Is this person talking about me? Should I be insulted? Should I counter attack with my quick wit and say something demeaning about his double-popped collars or that he’s trying to pull off three variations of the color pink? You see, my hair is arguably red (the argument being that my hair has reddish hues, but that I will deny this fact to the bitter end, or at least quickly change the subject). But I am by no means a slut.

Instantly, it all becomes clear – the claws retract. This typical college frat guy isn’t talking about me; he’s referring to a colorful blend of Jaegermeister, peach Schnapps and cranberry juice. Shaker in hand, I easily mix the concoction.

I absolutely love my job working at one of the most notable bars on campus. Though I will not be able to actually drink at a bar for another 15 months, I love being part of the atmosphere. Bartending is the perfect job for me because it’s okay to be loud and laugh a lot; or, my personal favorite – laughing loudly (yeah, I’ll admit it, my cackle has been recognized and ridiculed at distances of up to three blocks). At the bar, I have even been able to conquer one of my biggest fears: dressing up in costume.

Ever since I can remember, I have always been anxious on days when costume attire was required. This fear extended to pep-rallies, pajama days and the biggest day of illusion, Halloween. I was always afraid to be the only one dressed up. This year, I found myself working on Halloween, so to be somewhat festive, I tentatively dressed up as a football player. I chose a costume that was relatively safe because I didn’t know whether or not the other bartenders would be dressed up. It was much to my relief and enjoyment when I walked into the bar and saw one of my co-workers in a life-size Scooby Doo costume (I’m sure the paws made it hard to pour drinks) and another dressed as a baby, complete with bib and diaper. With a jar of chocolate at my disposal, this was by far my favorite Halloween experience to date.
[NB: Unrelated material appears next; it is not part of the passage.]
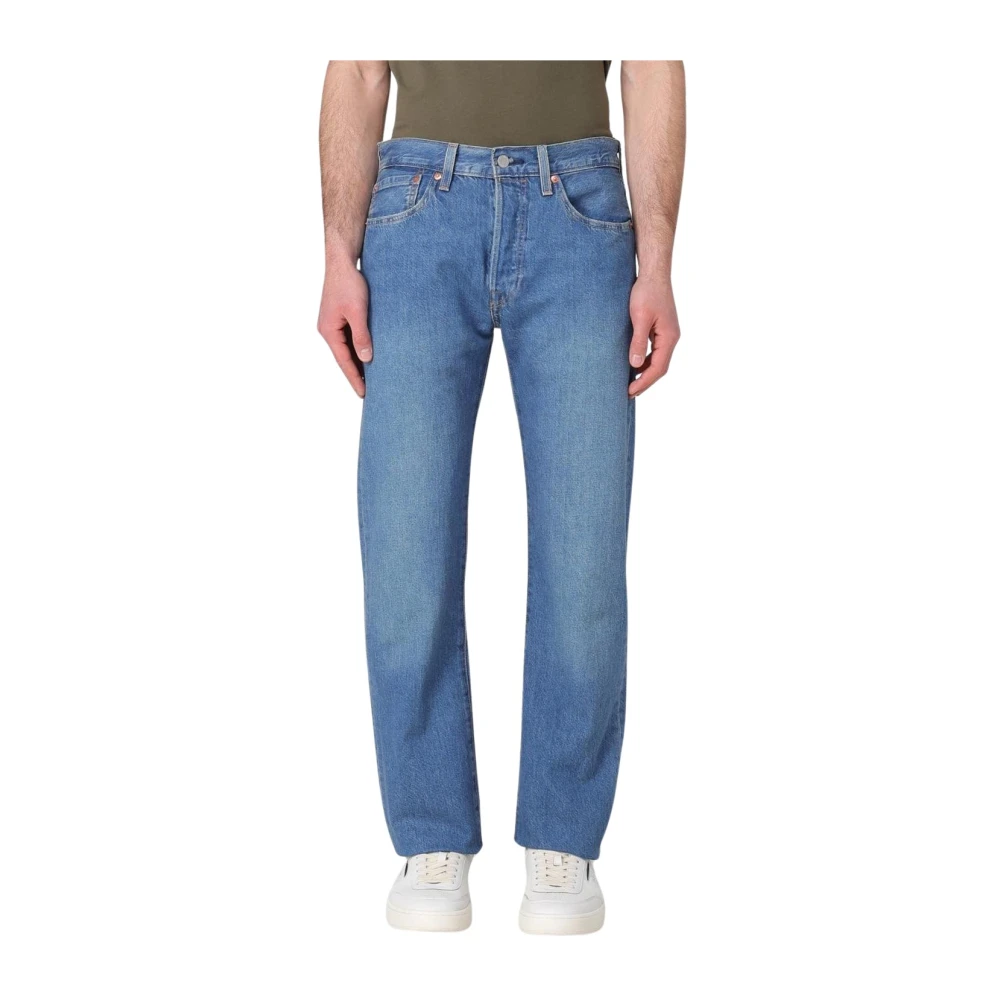 Jeans > Straight Jeans - - Levi's - Modalova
Usually the customers at the bar seem so eager to meet people. I am an easy target not only because I am enclosed behind a bartop, but I have been told that I “have one of those faces.” That’s right, I probably look just like your best friend from back home or your next-door neighbor. I am used to this. But it startled me when one, obviously intoxicated, girl emphatically called me her “sister.” I do have a sister, but this was definitely not her. In fact, I had never seen this person in my life. Yet she kept insisting – and even mentioned our parents getting married. I was understandably confused until it turned out that this girl, who just took a tequila shot, was right in a sense. My dad and her mom actually are dating, but I was not expecting our introductions to take place on opposite sides of a bar.
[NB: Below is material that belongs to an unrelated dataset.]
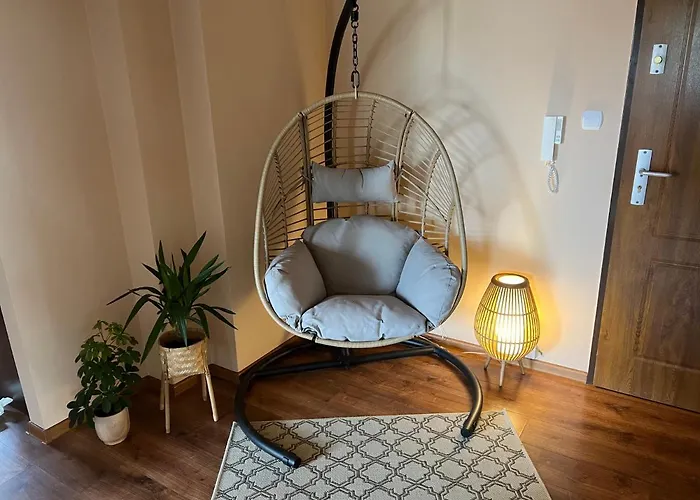 Boholook Apartment *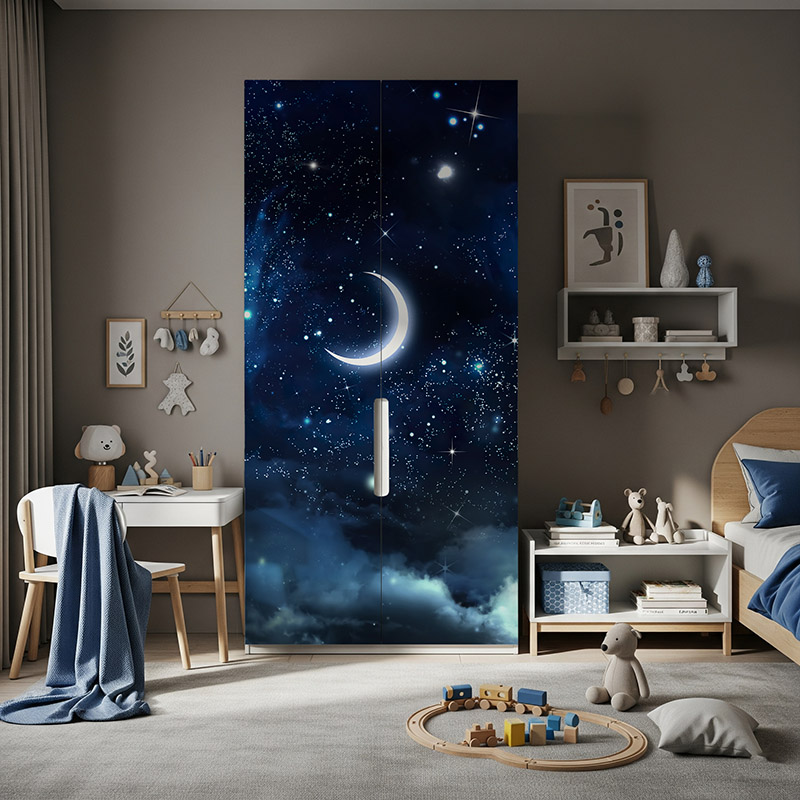 Nocna Galaktyka #ul468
Anyway, you can find me mixing drinks and providing casual conversation, or on busy nights a quick nod or tired smile, behind the bar at one of Ann Arbor’s hot spots. I work every Wednesday and Friday nights.

Oh, and if you’re impressed with my work, don’t offer to buy me a shot – I won’t be able to take it for two years (I’m 19 but you only have to be 18 to bartend.) Also, because I’m not even old enough to go to the bar, I’m probably not old enough to marry any of you fine bachelors out there. The proposals seem really heartfelt, but don’t be disappointed when I respectfully decline. However, tips are much appreciated.